Le simplisme inopérant de l’UDC
ÉDITORIAL. Les Suisses ont fait preuve de sagesse en balayant l’initiative sur l’autodétermination. Reste à redonner du poids à la démocratie dans une époque régie par des règles globales

Le monde de 2018 est compliqué et les Suisses en sont bien conscients. Ils l’ont montré en balayant sèchement l’initiative de l’UDC qui voulait rendre au droit suisse sa primauté sur le droit international. Noble ambition en apparence, mais qui ne cadre pas avec les réalités d’un ordre global où les centres de pouvoir et de légitimité juridique s’étagent en un millefeuille complexe.

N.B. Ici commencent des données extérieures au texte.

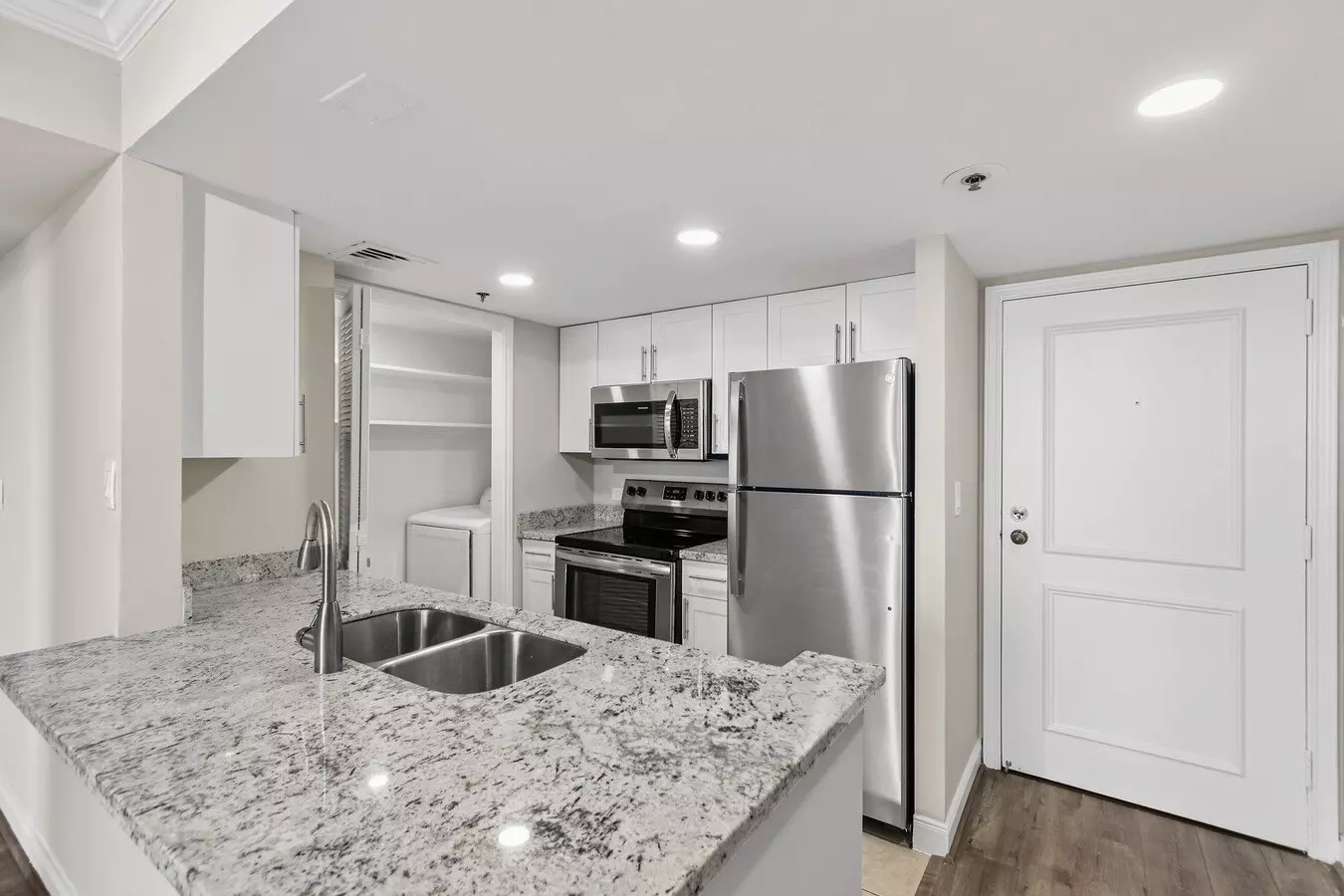 Sage Condominiums photo 4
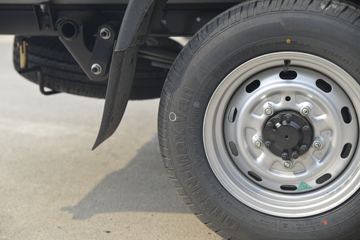  M1  1.6L 122  2.55˫΢(BJ1031V4AV4-53)ͼƬ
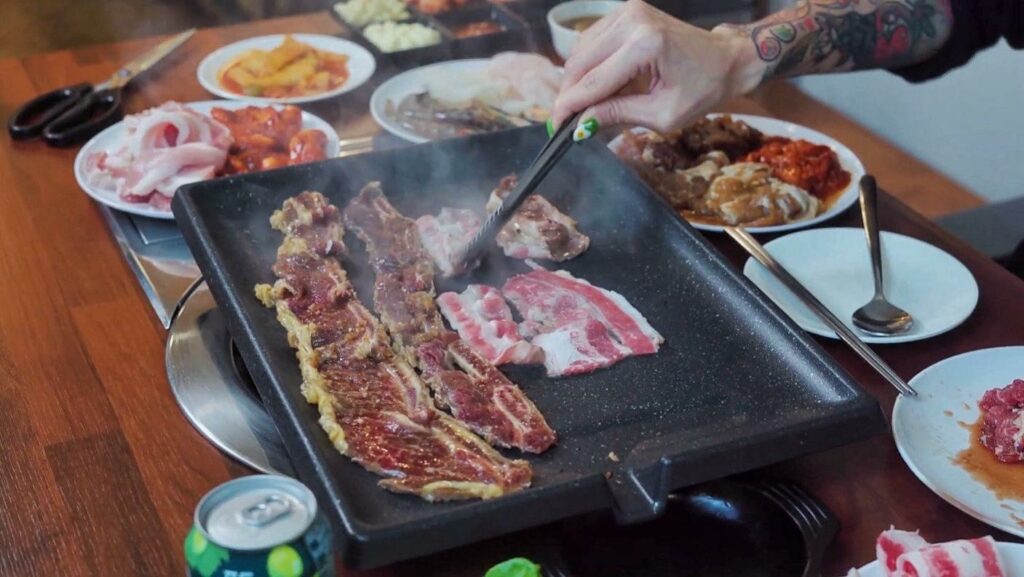 gogi-korean-buffet-grilling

Dans des domaines cruciaux comme la régulation de la finance, du commerce ou la gestion de la crise climatique, les décisions stratégiques se prennent – quand elles se prennent – dans des instances qui regroupent des dizaines d’Etats. Parce qu’elle est petite et dépend de l’étranger pour sa survie économique, la Suisse a plus que d’autres intérêt à ce que cet écosystème fonctionne. On ne peut pas s’en extraire ou le détricoter en deux coups de cuillère à pot, même par un vote populaire. Les très pénibles négociations sur le Brexit le montrent. Et à un moment où le monde est secoué par le populisme d’un Donald Trump et l’irrésistible ascension de la Chine, ce tissu dense d’accords et d’institutions internationales, pour opaque et inaccessible qu’il soit, offre la garantie d’une certaine stabilité.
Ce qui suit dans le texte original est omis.